■ Materials provided
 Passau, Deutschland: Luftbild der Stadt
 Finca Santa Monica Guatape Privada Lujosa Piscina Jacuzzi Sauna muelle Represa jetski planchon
* * *
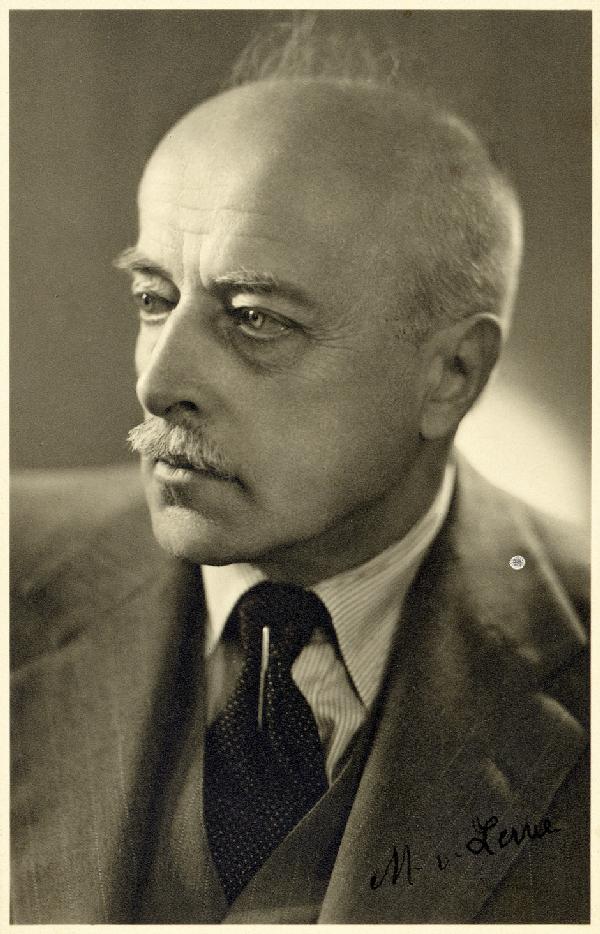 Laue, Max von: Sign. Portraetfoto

■ Work to complete
When the line with "Passau, Deutschland: Luftbild der Stadt" is reached in the data above, begin copying, and stop after the line with "Finca Santa Monica"; copy each line exactly, both ends included.

■ Written reply
 Passau, Deutschland: Luftbild der Stadt
 Finca Santa Monica Guatape Privada Lujosa Piscina Jacuzzi Sauna muelle Represa jetski planchon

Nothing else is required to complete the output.